Research & Papers

AITP: Traffic Accident Responsibility Allocation via Multimodal Large Language Models

Multimodal LLM reasons through traffic laws to assign fault in accidents...

Deep Dive

Researchers Zijin Zhou and Songan Zhang have unveiled AITP (Artificial Intelligence Traffic Police), a multimodal large language model designed to determine fault in traffic accidents. Unlike prior systems that merely describe or detect accidents, AITP performs multi-step causal reasoning grounded in traffic regulations. It enhances this capability through a Multimodal Chain-of-Thought (MCoT) mechanism, which breaks down complex accident scenarios into logical reasoning steps, and integrates legal knowledge via Retrieval-Augmented Generation (RAG), allowing it to pull relevant traffic laws during analysis.
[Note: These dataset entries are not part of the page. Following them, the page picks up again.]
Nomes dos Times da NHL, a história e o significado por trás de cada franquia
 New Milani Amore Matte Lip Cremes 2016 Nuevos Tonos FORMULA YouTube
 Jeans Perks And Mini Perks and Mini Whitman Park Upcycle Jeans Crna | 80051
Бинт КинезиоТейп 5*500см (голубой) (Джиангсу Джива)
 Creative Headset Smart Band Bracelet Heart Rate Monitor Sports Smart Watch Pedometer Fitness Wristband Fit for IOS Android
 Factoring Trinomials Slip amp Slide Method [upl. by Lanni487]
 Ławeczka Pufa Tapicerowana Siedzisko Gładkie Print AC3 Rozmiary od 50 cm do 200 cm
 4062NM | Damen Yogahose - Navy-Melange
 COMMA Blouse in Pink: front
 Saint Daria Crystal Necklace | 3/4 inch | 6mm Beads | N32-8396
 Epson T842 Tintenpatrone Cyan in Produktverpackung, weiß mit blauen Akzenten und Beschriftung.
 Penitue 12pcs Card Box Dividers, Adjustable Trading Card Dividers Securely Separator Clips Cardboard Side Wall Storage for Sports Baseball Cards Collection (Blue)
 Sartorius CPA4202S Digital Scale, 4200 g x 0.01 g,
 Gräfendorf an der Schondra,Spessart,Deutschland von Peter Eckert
To train and evaluate AITP, the team also created DecaTARA, a decathlon-style benchmark unifying ten interrelated traffic accident reasoning tasks. This dataset includes 67,941 annotated videos and 195,821 question-answer pairs, covering everything from basic detection to nuanced responsibility allocation. In extensive experiments, AITP achieved state-of-the-art performance across all three task categories—responsibility allocation, traffic accident detection (TAD), and traffic accident understanding (TAU). The paper was accepted at CVPR 2026 and is available on arXiv.

Key Points
  • AITP uses Multimodal Chain-of-Thought (MCoT) for step-by-step accident reasoning
  • Integrates legal knowledge via Retrieval-Augmented Generation (RAG) for regulation-grounded decisions
  • DecaTARA benchmark includes 67,941 videos and 195,821 Q&A pairs across 10 tasks

Why It Matters

Automates nuanced legal reasoning in accidents, potentially speeding insurance claims and reducing human bias.